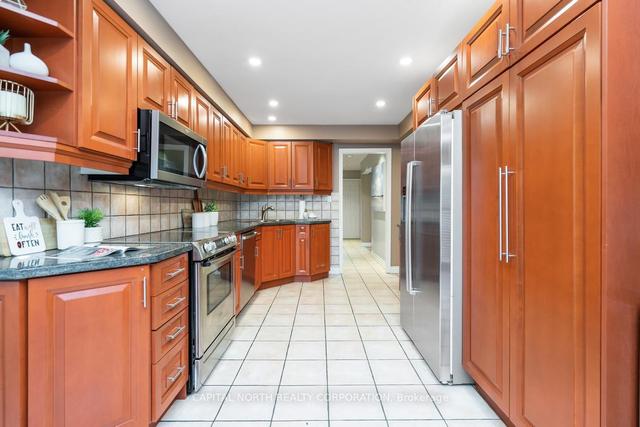 12 Oakmount Cres, House detached with 4 bedrooms, 3 bathrooms and 4 parking in Vaughan ON | Image 36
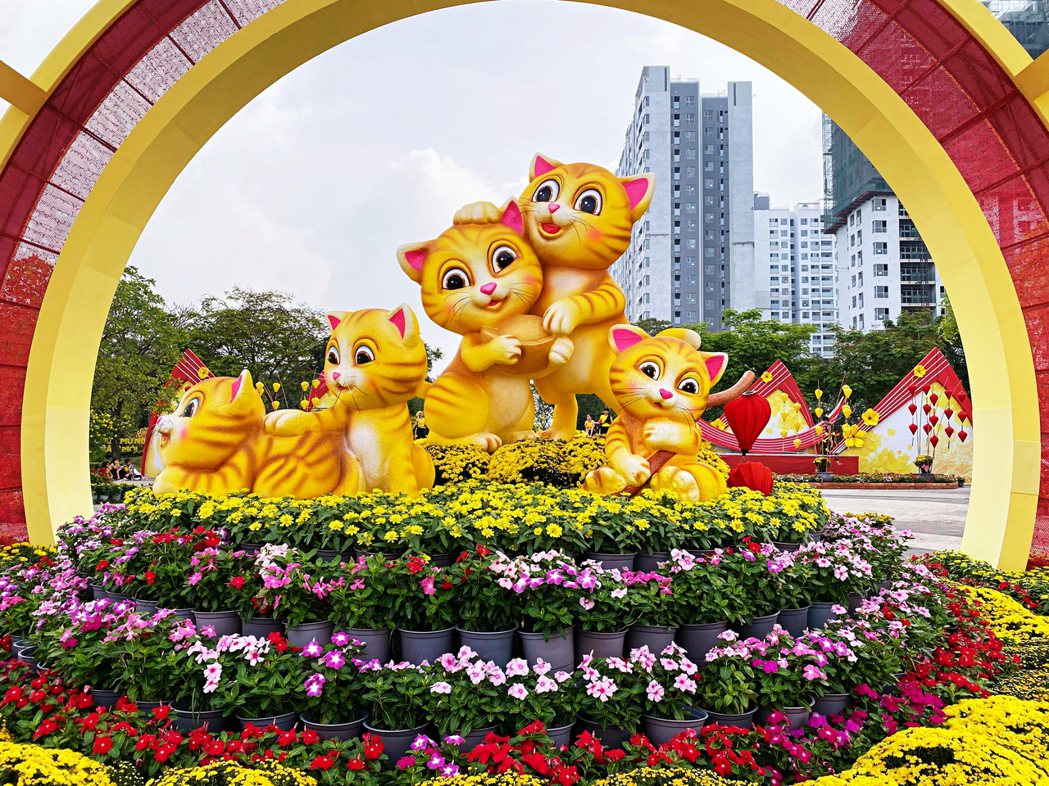 越南胡志明市迎接新年的貓咪裝置藝術。 圖／Hannah Wu拍攝　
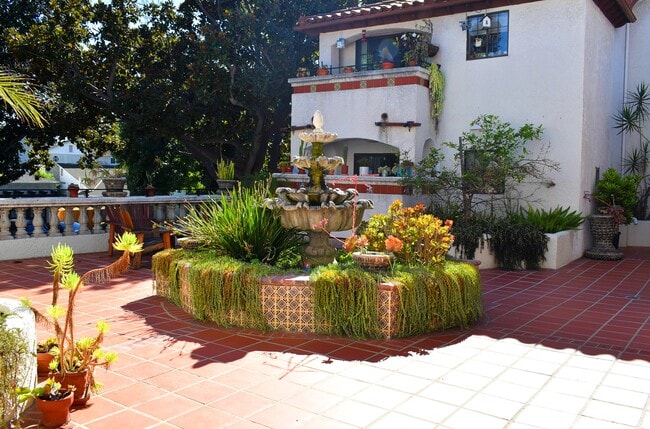 Building Photo - 3291 Sawtelle Blvd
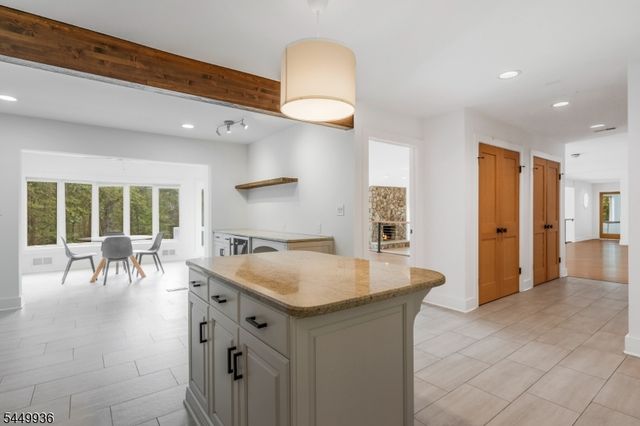 101 Rippling Brook Way, Bernardsville Boro, NJ 07924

§ §

> **What the exercise asks**:
I need the lines from the line containing "越南胡志明市迎接新年的貓咪裝置藝術。 圖／Hannah Wu拍攝" through the final line of the listing duplicated exactly, both ends included, with no pictures and nothing else.

> **Reply**:
 越南胡志明市迎接新年的貓咪裝置藝術。 圖／Hannah Wu拍攝　
 Building Photo - 3291 Sawtelle Blvd
 101 Rippling Brook Way, Bernardsville Boro, NJ 07924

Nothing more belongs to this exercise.